INPUT DATA Start Marker

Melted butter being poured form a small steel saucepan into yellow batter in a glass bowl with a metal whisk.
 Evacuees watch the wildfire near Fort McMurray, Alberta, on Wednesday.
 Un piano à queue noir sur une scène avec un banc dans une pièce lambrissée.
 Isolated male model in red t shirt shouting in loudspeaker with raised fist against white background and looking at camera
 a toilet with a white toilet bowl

INPUT DATA End Marker

TRY IT ▸ All lines from the one with "Isolated male model" through the end of the records need to be copied exactly, and no other lines.

EXERCISE ANSWER ▸
 Isolated male model in red t shirt shouting in loudspeaker with raised fist against white background and looking at camera
 a toilet with a white toilet bowl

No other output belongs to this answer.